Your objective:
Pictures aside, every line of the listing should be given again exactly.

Dataset extract:
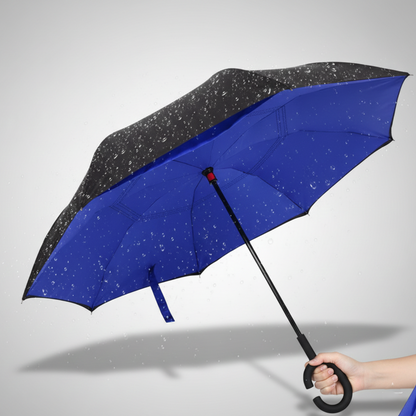 Windproof Upside Down Reverse Umbrella
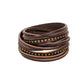 Studded Sensation - Brass - Paparazzi Bracelet Image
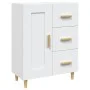 Aparador de madera contrachapada blanco 69,5x34x90 cm de vidaXL, Aparadores - Ref: Foro24-812222, Precio: 86,97 €, Descuento: %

Exercise result:
 Windproof Upside Down Reverse Umbrella
 Studded Sensation - Brass - Paparazzi Bracelet Image
 Aparador de madera contrachapada blanco 69,5x34x90 cm de vidaXL, Aparadores - Ref: Foro24-812222, Precio: 86,97 €, Descuento: %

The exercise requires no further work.